Reasoning Distillation - An Introduction to Transformers

We’ve built powerful reasoning systems: chain-of-thought, process reward models, MCTS, GRPO. But these techniques work best with large models (70B+). What about reasoning on a phone? In a browser? On a tiny GPU?

Distillation transfers the reasoning patterns from a large teacher to a small student.

The DeepSeek Discovery¶

From the DeepSeek-R1 paper:

The reasoning patterns of larger models can be distilled into smaller models, resulting in better performance compared to the reasoning patterns discovered through RL on small models.

In other words:

Train a 70B model to reason with RL → good reasoning emerges
Distill to a 7B model → 7B inherits the reasoning patterns
Result: 7B with distillation > 7B with direct RL

The small model can’t discover complex reasoning patterns on its own, but it can learn to imitate them.

Types of Distillation¶

1. Standard Knowledge Distillation¶

Train student to match teacher’s output distributions.

\mathcal{L}_{\text{KD}} = \text{KL}(P_{\text{teacher}} || P_{\text{student}})

(1)

2. Reasoning Trace Distillation¶

Train student on teacher’s step-by-step solutions.

\mathcal{L}_{\text{trace}} = -\log P_{\text{student}}(\text{reasoning trace})

(2)

3. Behavioral Cloning¶

Just train student to produce the same final outputs.

For reasoning, trace distillation works best. The student learns not just what answer to give, but how to think.

import torch
import torch.nn as nn
import torch.nn.functional as F
from transformers import AutoTokenizer, AutoModelForCausalLM
from typing import List
import numpy as np

# Load teacher and student models
# Teacher: larger model, Student: smaller model
print("Loading models...")

tokenizer = AutoTokenizer.from_pretrained("Qwen/Qwen2.5-1.5B-Instruct")
teacher = AutoModelForCausalLM.from_pretrained("Qwen/Qwen2.5-1.5B-Instruct", dtype="auto")
student = AutoModelForCausalLM.from_pretrained("Qwen/Qwen2.5-0.5B-Instruct", dtype="auto")

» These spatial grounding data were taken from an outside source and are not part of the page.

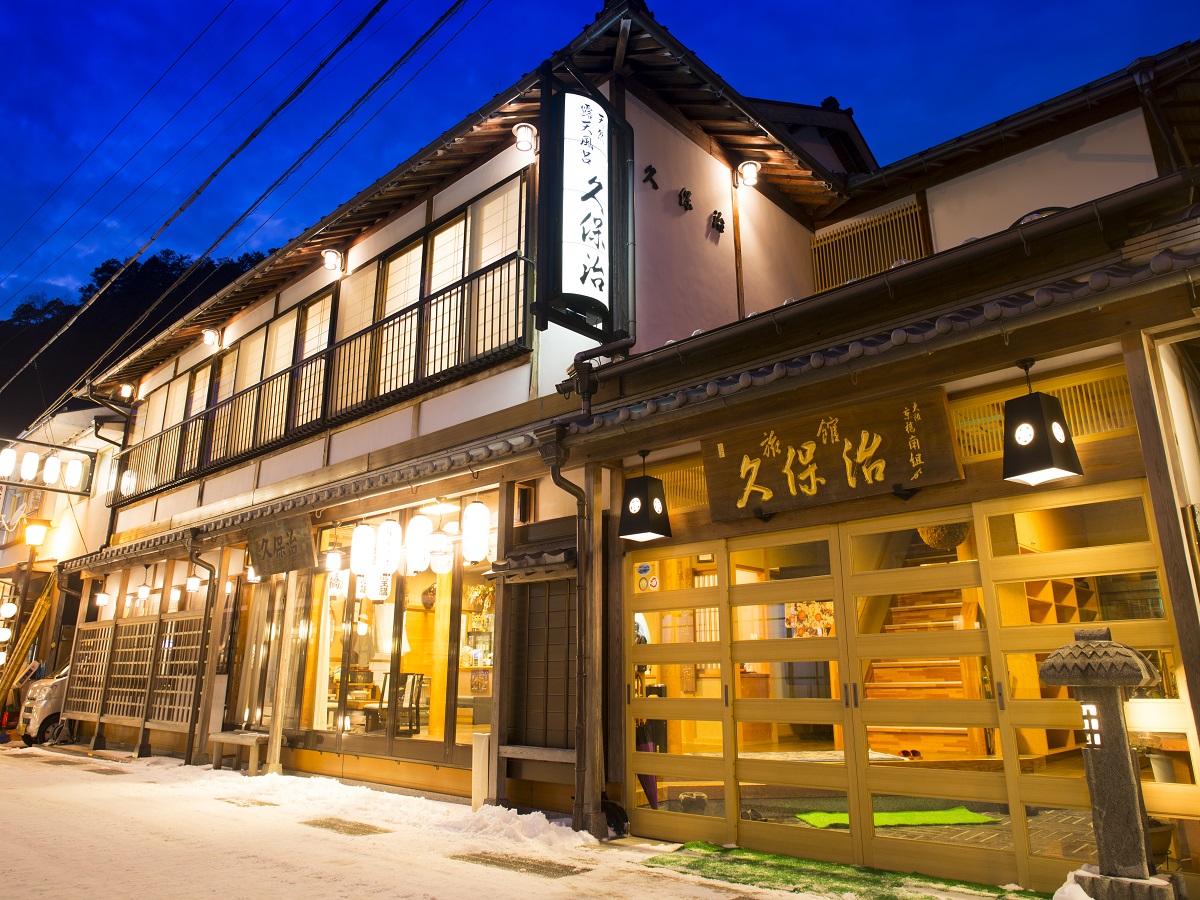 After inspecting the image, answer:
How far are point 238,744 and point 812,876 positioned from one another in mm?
11702

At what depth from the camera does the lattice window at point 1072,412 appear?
621 centimetres

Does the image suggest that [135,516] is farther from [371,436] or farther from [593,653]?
[593,653]

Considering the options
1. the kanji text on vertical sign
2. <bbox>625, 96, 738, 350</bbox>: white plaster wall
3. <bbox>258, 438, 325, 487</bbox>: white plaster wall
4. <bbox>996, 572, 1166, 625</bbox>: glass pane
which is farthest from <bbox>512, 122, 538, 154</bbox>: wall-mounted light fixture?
<bbox>996, 572, 1166, 625</bbox>: glass pane

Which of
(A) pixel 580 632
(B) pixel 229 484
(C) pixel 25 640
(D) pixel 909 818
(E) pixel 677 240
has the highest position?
(E) pixel 677 240

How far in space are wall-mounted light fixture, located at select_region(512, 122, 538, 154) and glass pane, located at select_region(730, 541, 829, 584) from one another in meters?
6.94

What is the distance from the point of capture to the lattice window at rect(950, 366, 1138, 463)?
20.4 ft

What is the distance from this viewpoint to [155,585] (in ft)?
63.2

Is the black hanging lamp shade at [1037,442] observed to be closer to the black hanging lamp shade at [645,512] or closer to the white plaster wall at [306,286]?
the black hanging lamp shade at [645,512]

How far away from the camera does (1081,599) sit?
20.3 ft

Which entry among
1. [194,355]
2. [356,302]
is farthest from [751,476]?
[194,355]

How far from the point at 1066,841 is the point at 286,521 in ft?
42.2

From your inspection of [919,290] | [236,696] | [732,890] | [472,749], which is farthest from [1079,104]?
[236,696]

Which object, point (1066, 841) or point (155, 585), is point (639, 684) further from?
point (155, 585)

if torch.cuda.is_available():
    device = "cuda"
elif torch.backends.mps.is_available():
    device = "mps"
else:
    device = "cpu"
teacher = teacher.to(device)
student = student.to(device)

teacher.eval()  # Teacher is frozen
# Student will be trained

print(f"Loaded on {device}")
print(f"Teacher: Qwen2.5-1.5B-Instruct")
print(f"Student: Qwen2.5-0.5B-Instruct")

Loading models...

Loaded on cuda
Teacher: Qwen2.5-1.5B-Instruct
Student: Qwen2.5-0.5B-Instruct

Generating Teacher Reasoning Traces¶

First, we need to collect high-quality reasoning traces from the teacher model.

What’s a Trace?¶

A reasoning trace is the complete step-by-step solution a model generates when solving a problem. Not just the final answer—the whole internal monologue.

For example, when asked “What is 15 + 28?”, a trace might look like:

Step 1: I'll break this into parts: 15 = 10 + 5
Step 2: Add the tens: 10 + 20 = 30
Step 3: Add the ones: 5 + 8 = 13
Step 4: Combine: 30 + 13 = 43

The trace is everything from “Step 1” to “43”. It’s the how, not just the what.

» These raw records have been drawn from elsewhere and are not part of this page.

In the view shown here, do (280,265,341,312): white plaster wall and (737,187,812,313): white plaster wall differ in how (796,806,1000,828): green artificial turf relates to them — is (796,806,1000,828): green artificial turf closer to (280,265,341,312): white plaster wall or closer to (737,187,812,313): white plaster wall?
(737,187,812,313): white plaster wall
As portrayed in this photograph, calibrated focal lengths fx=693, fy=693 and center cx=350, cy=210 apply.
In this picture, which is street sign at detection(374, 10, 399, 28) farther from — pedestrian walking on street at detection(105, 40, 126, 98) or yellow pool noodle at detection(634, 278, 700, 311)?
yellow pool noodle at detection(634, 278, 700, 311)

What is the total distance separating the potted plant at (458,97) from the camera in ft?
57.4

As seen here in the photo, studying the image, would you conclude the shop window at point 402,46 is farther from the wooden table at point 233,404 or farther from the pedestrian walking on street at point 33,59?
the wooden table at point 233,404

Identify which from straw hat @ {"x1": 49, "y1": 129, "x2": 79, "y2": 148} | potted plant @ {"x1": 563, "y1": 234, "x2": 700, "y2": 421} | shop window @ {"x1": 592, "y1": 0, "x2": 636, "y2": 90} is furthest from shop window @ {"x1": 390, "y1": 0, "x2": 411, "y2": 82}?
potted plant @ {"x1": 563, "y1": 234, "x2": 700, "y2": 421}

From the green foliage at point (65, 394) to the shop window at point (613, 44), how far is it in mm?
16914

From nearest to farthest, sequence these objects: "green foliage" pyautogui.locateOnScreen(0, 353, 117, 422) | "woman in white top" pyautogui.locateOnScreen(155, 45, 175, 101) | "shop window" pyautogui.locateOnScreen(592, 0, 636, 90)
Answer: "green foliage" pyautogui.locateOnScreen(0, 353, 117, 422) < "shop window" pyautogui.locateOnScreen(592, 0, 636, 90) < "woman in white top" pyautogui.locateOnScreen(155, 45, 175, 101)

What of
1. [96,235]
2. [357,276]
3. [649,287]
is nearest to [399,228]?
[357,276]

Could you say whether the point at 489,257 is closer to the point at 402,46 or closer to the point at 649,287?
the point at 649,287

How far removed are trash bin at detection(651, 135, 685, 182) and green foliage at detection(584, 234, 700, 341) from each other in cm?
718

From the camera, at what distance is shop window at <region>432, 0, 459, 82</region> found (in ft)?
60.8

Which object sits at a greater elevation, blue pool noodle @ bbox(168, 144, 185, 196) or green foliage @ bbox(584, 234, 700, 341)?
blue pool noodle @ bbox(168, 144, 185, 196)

In chain-of-thought prompting, we showed models a few example traces and asked them to produce their own. In distillation, we’re taking thousands of high-quality traces from a smart teacher model and training a smaller student to reproduce that same reasoning style.

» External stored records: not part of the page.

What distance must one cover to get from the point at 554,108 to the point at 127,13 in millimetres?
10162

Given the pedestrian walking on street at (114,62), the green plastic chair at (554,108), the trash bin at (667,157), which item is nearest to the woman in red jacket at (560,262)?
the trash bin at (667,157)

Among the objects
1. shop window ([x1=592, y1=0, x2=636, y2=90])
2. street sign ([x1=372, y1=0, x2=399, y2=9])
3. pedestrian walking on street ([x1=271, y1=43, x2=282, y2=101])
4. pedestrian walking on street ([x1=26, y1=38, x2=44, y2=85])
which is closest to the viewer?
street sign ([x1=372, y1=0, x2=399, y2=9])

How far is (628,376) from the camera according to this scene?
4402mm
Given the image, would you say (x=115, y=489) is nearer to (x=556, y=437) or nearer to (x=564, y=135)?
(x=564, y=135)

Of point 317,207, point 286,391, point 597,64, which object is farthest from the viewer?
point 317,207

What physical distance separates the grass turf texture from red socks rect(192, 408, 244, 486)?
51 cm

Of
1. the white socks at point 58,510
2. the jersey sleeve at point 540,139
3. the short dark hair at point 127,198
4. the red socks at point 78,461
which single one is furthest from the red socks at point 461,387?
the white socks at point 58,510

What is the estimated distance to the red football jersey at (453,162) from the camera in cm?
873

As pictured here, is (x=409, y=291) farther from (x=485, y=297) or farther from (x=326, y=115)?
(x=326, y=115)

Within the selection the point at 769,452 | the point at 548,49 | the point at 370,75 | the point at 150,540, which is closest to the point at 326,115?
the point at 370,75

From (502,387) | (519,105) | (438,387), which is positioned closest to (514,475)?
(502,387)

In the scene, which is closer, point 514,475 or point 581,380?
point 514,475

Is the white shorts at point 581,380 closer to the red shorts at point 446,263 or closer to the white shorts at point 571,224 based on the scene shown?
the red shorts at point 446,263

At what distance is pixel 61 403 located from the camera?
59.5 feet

Think of it like showing a student worked examples in a textbook. The trace is the worked example—every intermediate calculation, every logical step laid out explicitly.

def generate_teacher_traces(teacher, tokenizer, problems: List[str],
                            n_per_problem: int = 3,
                            max_tokens: int = 150) -> List[dict]:
    """
    Generate reasoning traces from the teacher model.
    
    We'll generate multiple traces per problem and filter for correctness.
    """
    traces = []
    
    for problem in problems:
        prompt = f"Problem: {problem}\n\nSolution: Let me solve this step by step.\n"
        inputs = tokenizer(prompt, return_tensors="pt").to(device)
        
        for _ in range(n_per_problem):
            with torch.no_grad():
                outputs = teacher.generate(
                    **inputs,
                    max_new_tokens=max_tokens,
                    temperature=0.7,
                    do_sample=True,
                    pad_token_id=tokenizer.eos_token_id,
                )
            
            full_text = tokenizer.decode(outputs[0], skip_special_tokens=True)
            trace = full_text[len(prompt):]
            
            traces.append({
                "problem": problem,
                "prompt": prompt,
                "trace": trace,
                "full_text": prompt + trace
            })
    
    return traces


# Generate some traces
problems = [
    "What is 15 + 28?",
    "If a train travels 60 miles in 2 hours, what is its speed?",
    "A store has 50 items. They sell 20% of them. How many are left?",
]

print("Generating teacher traces...")
teacher_traces = generate_teacher_traces(teacher, tokenizer, problems, n_per_problem=2)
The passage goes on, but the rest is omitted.